_WORK INSTRUCTION_: Starting at the first line of the data, please print exactly those lines through the one that holds "АВИЛОН - Kia", omitting every picture.

_THE INPUT_:
···
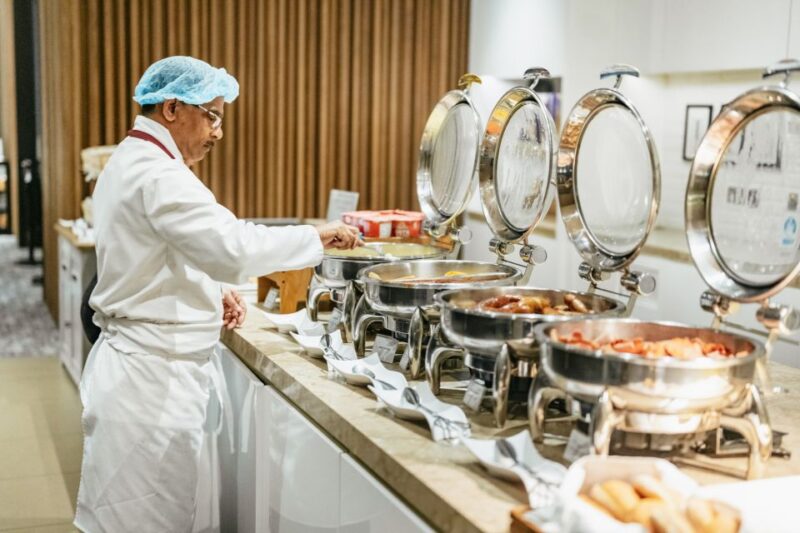 LHR London Heathrow Airport: Plaza Premium Lounge - Work and Entertainment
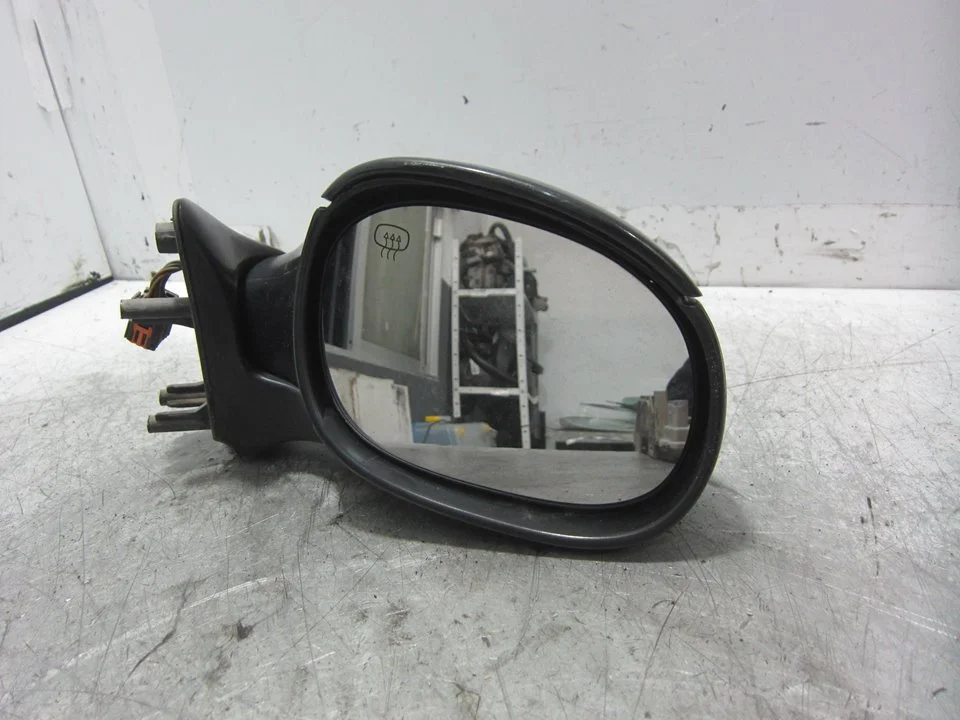 Foto de RETROVISOR DERECHO CITROEN XSARA PICASSO 1.6 16V HDi (90 CV / 66 KW) referencia E2028015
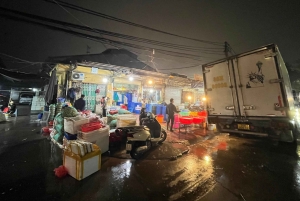 Hanoi: prywatna wycieczka nocna po targu Long Biên z lokalnym przewodnikiem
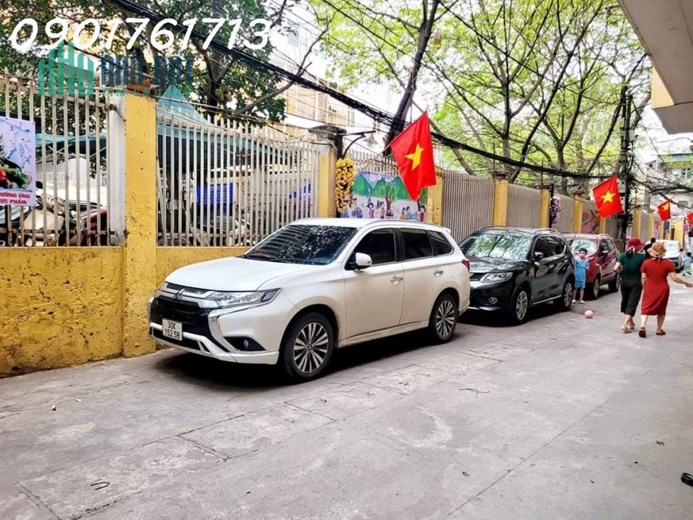 Cực Hiếm bán Nhà Chính Chủ, gara 2 Ôtô, gần phố, ở luôn, Cầu Giấy 60m2,KD, giá 11tỷ8
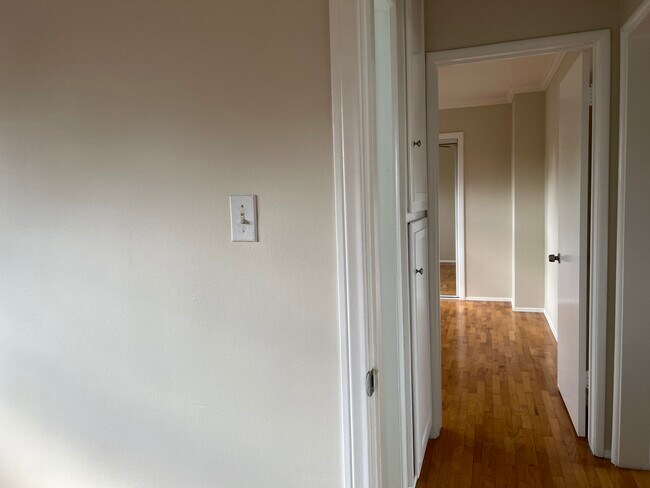 Photo - 714 Bay St Unit 4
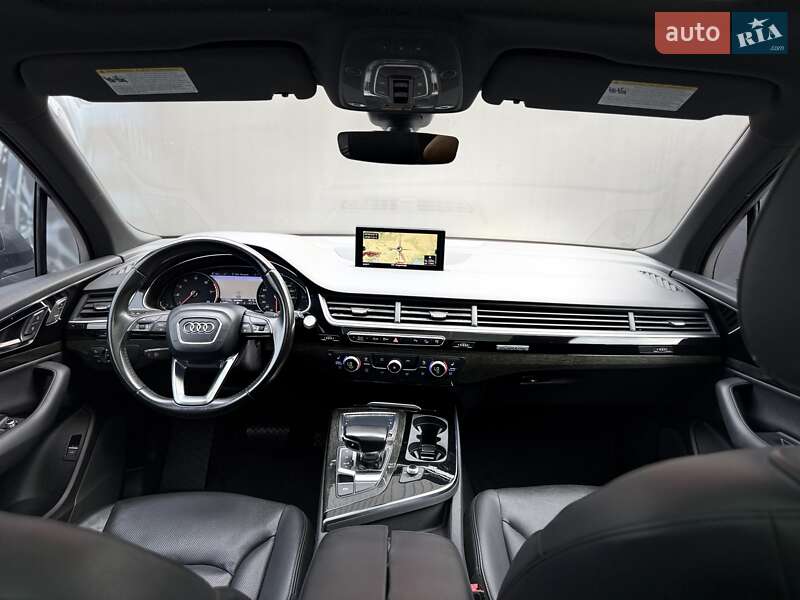 Внедорожник / Кроссовер Audi Q7 2017 в Львове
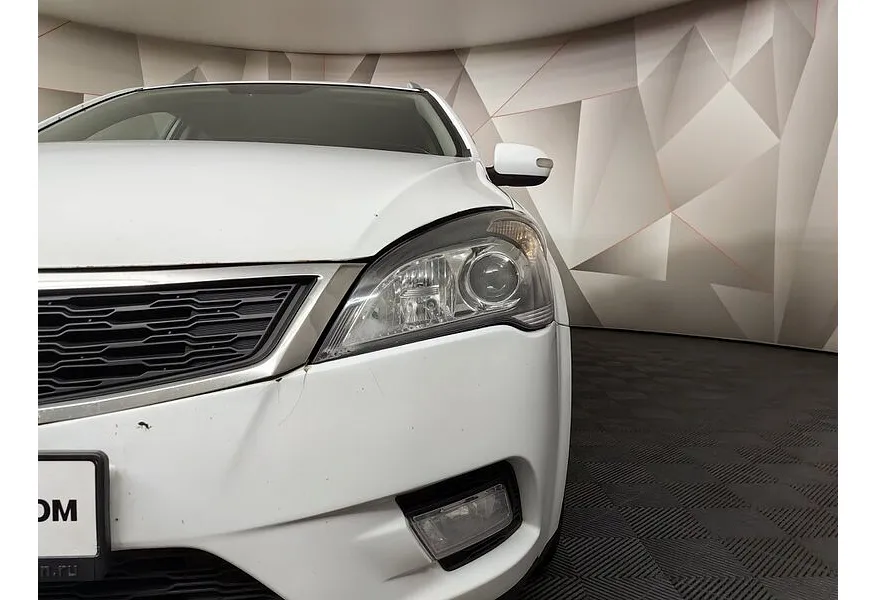 АВИЛОН - Kia Ceed 1.6 AT (122 л.с.) Luxe Белый - slide 18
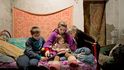 Vitalij (10), Sabina (12), Ilona (3) a Sofija (6) ve sklepě jejich domu kousek od první linie ve čtvrti Trudavských na jihozápadě Doněcku, kde se ukrývají už od 12. června 2014 
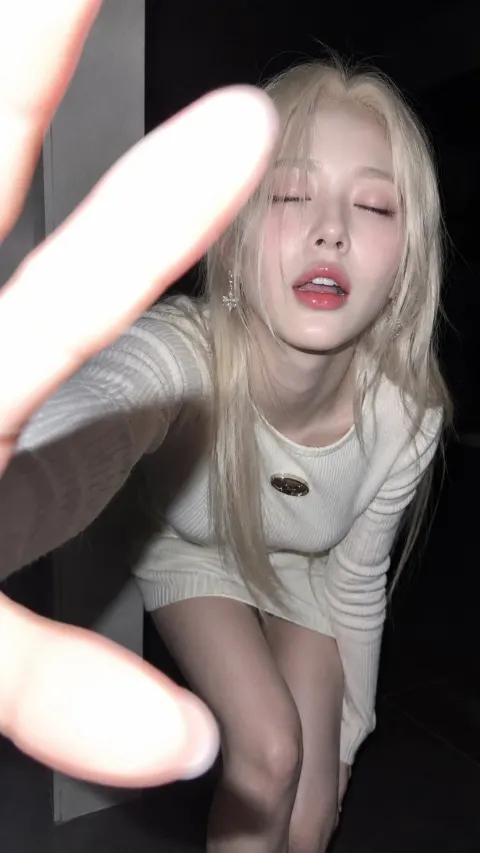Flashlit Platinum Selfie Moment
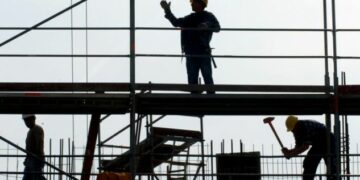 Lëndohen dy burra në Rahovec derisa po ndërtonin një shtëpi, vinçi u shkëput nga pllaka dhe ra në tokë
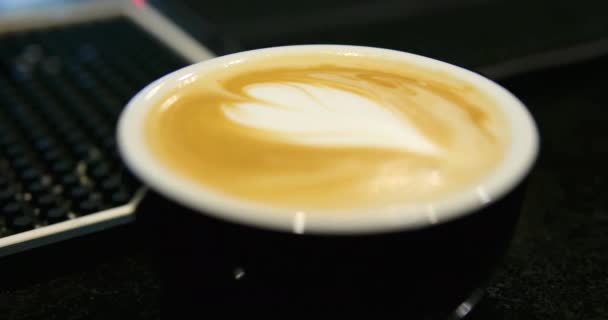 Καφέ Αφρό Γάλακτος Latte Art Μοτίβο Υψηλής Ποιότητας Πλάνα — Αρχείο Βίντεο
···
_RESPONSE TO THE EXERCISE_:
 LHR London Heathrow Airport: Plaza Premium Lounge - Work and Entertainment
 Foto de RETROVISOR DERECHO CITROEN XSARA PICASSO 1.6 16V HDi (90 CV / 66 KW) referencia E2028015
 Hanoi: prywatna wycieczka nocna po targu Long Biên z lokalnym przewodnikiem
 Cực Hiếm bán Nhà Chính Chủ, gara 2 Ôtô, gần phố, ở luôn, Cầu Giấy 60m2,KD, giá 11tỷ8
 Photo - 714 Bay St Unit 4
 Внедорожник / Кроссовер Audi Q7 2017 в Львове
 АВИЛОН - Kia Ceed 1.6 AT (122 л.с.) Luxe Белый - slide 18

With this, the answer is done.